Obviously desperate to get out into the real world, all my requests were granted without hesitation. I was amazed. Even the picnic and play area got strimmed and cut. Or was he just avoiding joining us at the camp site? Last year’s visit to camp involved a flat mattress and no sleep on account of the cold. He had to leave at 5.30 in the morning to start his dryer and combined until 2am the following morning.

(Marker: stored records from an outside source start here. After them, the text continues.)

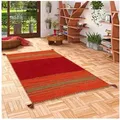 Pergamon Wollteppich Natur Teppich Kelim Navarro, Rechteckig, Höhe: 8 mm rot 170 cm x 240 cm x 8 mm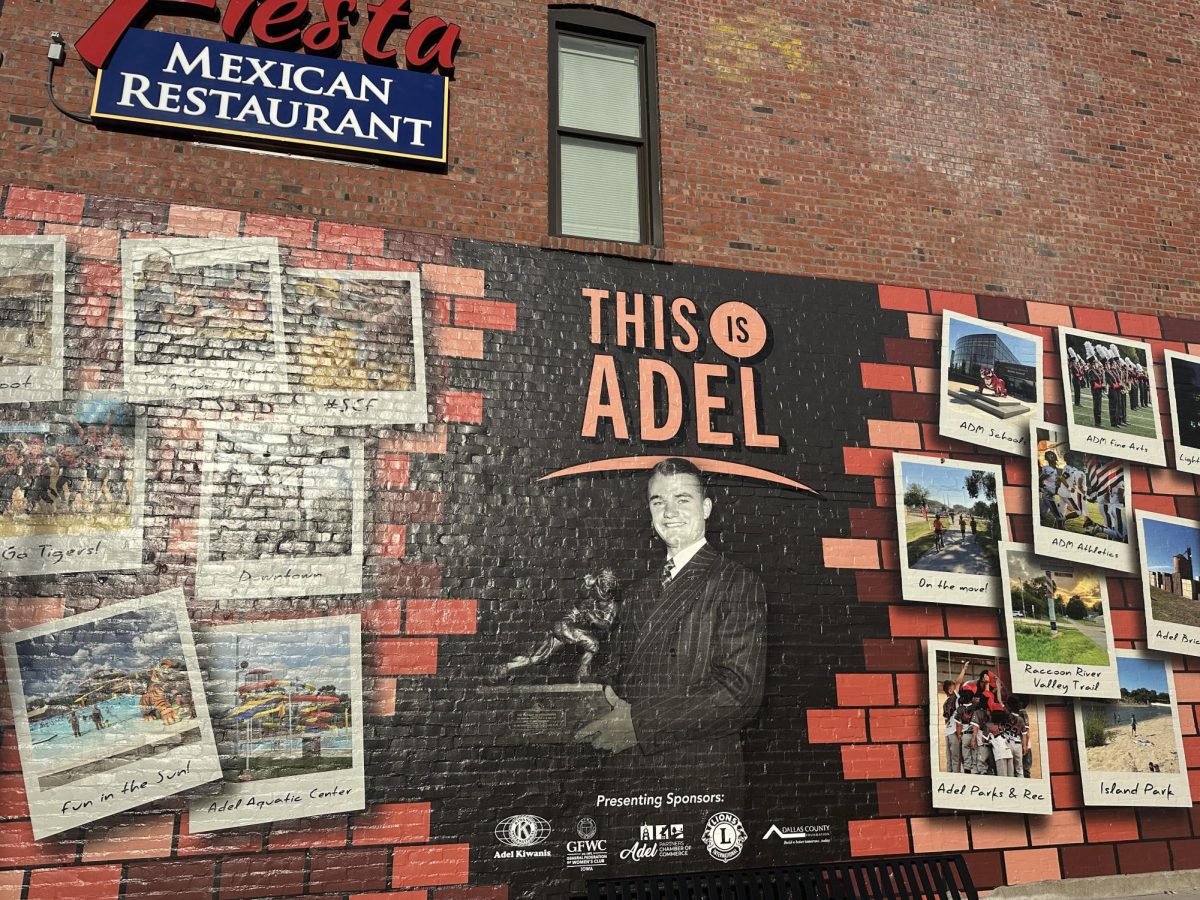 Placed right below the Fiesta Mexican Restaurant sign is a new mural in downtown Adel.
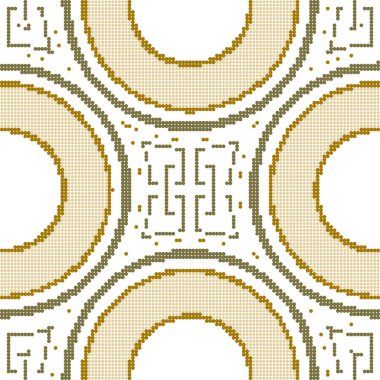 Yarı ton renkli Dikişsiz retro desen yuvarlak geometri ch çapraz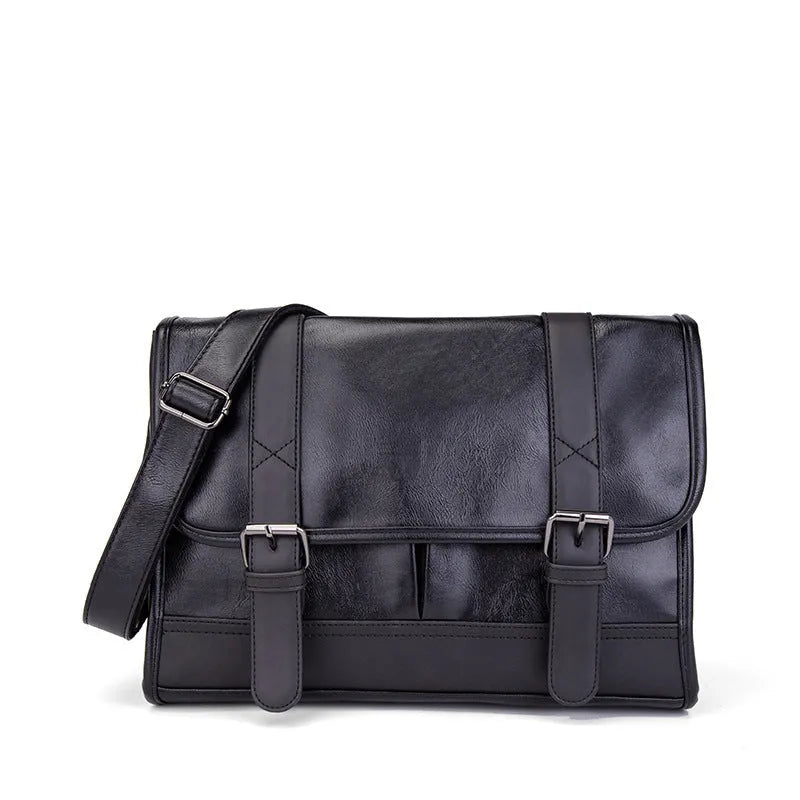 Black Korean style men's anti-theft commuter backpack with PU construction and polyester lining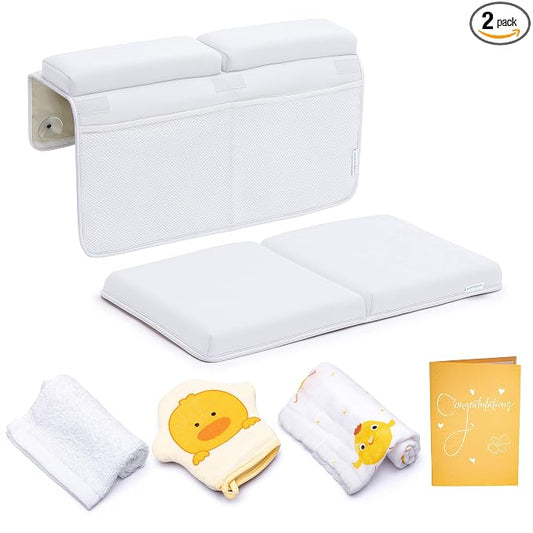 Bath Kneeler and Elbow Rest Pad, Extra Thick Baby Bath Kneeling Pad and Elbow Pad for Bathtub. Bath Tub Elbow Pad with Infant Toy and Baby Accessories Organizer, Off White Color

Our brother-in-law, however, did join the happy campers this year. Just for one night. Having heard about Dave’s unhappy experience last year he was taking no chances. He turned up in a brand new VW camper van that he had borrowed from work, along with his wife’s best bed linen. The euphoria of cold milk, chilled wine and cool chocolates was soon forgotten when its alarm went off as he climbed into bed at midnight. The alarm as he got up the next morning sealed his fate. A tent or nothing next year.

A couple of weeks later, our harvest/maze routines were again broken by a discovery. A Neolithic flint tool was found at the maze.

One of my student employees, who has a keen interest in archaeology, found the immaculate flint dagger/knife. She saw the tip of the head sticking up out of the path and recognised the fact that it had been worked and shaped to form a point. She dug down further and found this remarkable implement, an arrow-shaped head with a handle.

If it had been me coming across a sharp stone sticking out of the ground I would probably have dug it up and flung it into the crop while worrying about the health and safety implications of sharp flints. I’m always complaining to Dave about the number of sharp flints on the paths.

It is extraordinary to try and envisage the last person to have held that tool. Dave, being male, had to test it and opened his packet of Weetabix with it. (I love that analogy).

The find attracted local media interest and I was asked to go on Radio Suffolk for their ‘flick through the Sunday papers’ and chat about the flint and the maze.

Surreal, as I then dashed back to the maze on a very busy Sunday. Dave was trying to listen and had a clear signal in his Land Rover, but harvest beckoned and he was forced into his tractor where the signal deteriorated to a fuzz. So much for my five minutes of fame. Just as we were about to go on air the presenter turned to me and said, tongue-in-cheek, but in a generous bid to calm my nerves: “Don’t worry, nobody is listening anyway.”

Sunday lunchtime, Radio Suffolk, maybe she had a point.